=== Begin Enclosure ===

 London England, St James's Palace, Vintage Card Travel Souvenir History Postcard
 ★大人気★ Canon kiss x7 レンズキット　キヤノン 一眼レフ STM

=== End Enclosure ===
=== Begin Enclosure ===

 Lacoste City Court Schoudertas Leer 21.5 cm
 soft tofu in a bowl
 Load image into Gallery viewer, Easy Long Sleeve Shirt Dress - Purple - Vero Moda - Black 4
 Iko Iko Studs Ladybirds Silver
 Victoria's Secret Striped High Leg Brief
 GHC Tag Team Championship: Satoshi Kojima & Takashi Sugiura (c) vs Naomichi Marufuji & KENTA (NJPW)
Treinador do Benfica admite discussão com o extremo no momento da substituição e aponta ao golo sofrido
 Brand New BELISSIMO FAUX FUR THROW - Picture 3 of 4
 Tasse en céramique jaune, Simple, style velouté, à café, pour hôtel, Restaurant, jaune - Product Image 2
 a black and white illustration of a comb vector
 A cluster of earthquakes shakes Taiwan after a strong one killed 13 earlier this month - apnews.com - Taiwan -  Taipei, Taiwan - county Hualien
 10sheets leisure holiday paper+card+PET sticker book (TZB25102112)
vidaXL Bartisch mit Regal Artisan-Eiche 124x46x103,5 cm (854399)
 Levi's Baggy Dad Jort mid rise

=== End Enclosure ===
=== Begin Enclosure ===

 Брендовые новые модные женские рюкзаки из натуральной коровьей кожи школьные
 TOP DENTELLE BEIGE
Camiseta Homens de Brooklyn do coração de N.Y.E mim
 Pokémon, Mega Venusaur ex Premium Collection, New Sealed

=== End Enclosure ===

Exercise requirements
Look back at the data above. Transcribe exactly the lines starting at the line that contains "Treinador do Benfica" and ending at the line that contains "Levi's Baggy Dad Jort mid rise".

Answer for the task
Treinador do Benfica admite discussão com o extremo no momento da substituição e aponta ao golo sofrido
 Brand New BELISSIMO FAUX FUR THROW - Picture 3 of 4
 Tasse en céramique jaune, Simple, style velouté, à café, pour hôtel, Restaurant, jaune - Product Image 2
 a black and white illustration of a comb vector
 A cluster of earthquakes shakes Taiwan after a strong one killed 13 earlier this month - apnews.com - Taiwan -  Taipei, Taiwan - county Hualien
 10sheets leisure holiday paper+card+PET sticker book (TZB25102112)
vidaXL Bartisch mit Regal Artisan-Eiche 124x46x103,5 cm (854399)
 Levi's Baggy Dad Jort mid rise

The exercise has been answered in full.